What I think I want out of a hypothetical
nfsiotop for Linux
I wish there was a version of Linux's nfsiostat that worked gracefully when you have several hundred NFS mounts across multiple NFS fileservers.
(I'm going to have to write one, aren't I.)
Linux exposes a very large array of per-filesystem NFS client
/proc/self/mountstats (see here)
and there are some programs that digest this data and report it,
such as nfsiostat(8). Nfsiostat
generally works decently to give you useful information, but it's
very much not designed for systems with, for example, over 250 NFS
mounts. Unfortunately that describes us, and we would rather like
to have a took which tells us what the NFS filesystem hotspots are
on a given NFS client if and when it's clearly spending a lot of
time waiting for NFS IO.
As suggested by the name, a hypothetical
nfsiotop would have to
only report on the top N filesystems, which raises the question of
how you sort NFS filesystems here. Modern versions of nfsiostat
sort by operations per second, which is a start, but I think that one
should also be able to sort by total read and write volume and
probably also by write volume alone. Other likely interesting things
to sort on are the average response time and the current number of
operations outstanding. An ideal tool would also be able to aggregate
things into per fileserver statistics.
(All of this suggests that the real answer is that you should be able to sort on any field that the program can display, including some synthetic ones.)

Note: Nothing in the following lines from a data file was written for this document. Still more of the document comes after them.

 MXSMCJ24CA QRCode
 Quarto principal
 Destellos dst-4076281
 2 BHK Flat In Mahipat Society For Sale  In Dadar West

As my aside in the tweet suggests, I suspect that I'm going to have
to write this myself, and probably mostly from scratch. While
nfsiostat is written in Python and so is probably reasonably
straightforward for me to modify, I suspect that it has too many
things I'd want to change. I don't want little tweaks for things
like its output, I want wholesale restructuring. Hopefully I can
reuse its code to parse the
mountstats file, since that seems
reasonably tedious to write from scratch. On the other hand, the
current nfsiostat Python code seems amenable to a quick gut job to
prototype the output that I'd want.
(Mind you, prototypes tend to drift into use. But that's not necessarily a bad thing.)
PS: I've also run across kofemann/nfstop, which has some interesting features such as a per-UID breakdown, but it works by capturing NFS network traffic and that's not the kind of thing I want to have to use on a busy machine, especially at 10G.
PPS: I'd love to find out that a plausible nfsiotop already exists, but I haven't been able to turn one up in Internet searches so far.
Why Let's Encrypt's short certificate lifetimes are a great thing
I recently had a conversation on Twitter about what we care about in TLS certificate sources, and it got me to realize something. I've written before about how our attraction to Let's Encrypt has become all about the great automation, but what I hadn't really thought about back then was how important the short certificate lifetimes are. What got me to really thinking about it was a hypothetical; suppose we could get completely automatically issued and renewed free certificates but they had the typical one or more year lifetime of most TLS certificates to date. Would we be interested? I realized that we would not be, and that we would probably consider the long certificate lifetime to be a drawback, not a feature.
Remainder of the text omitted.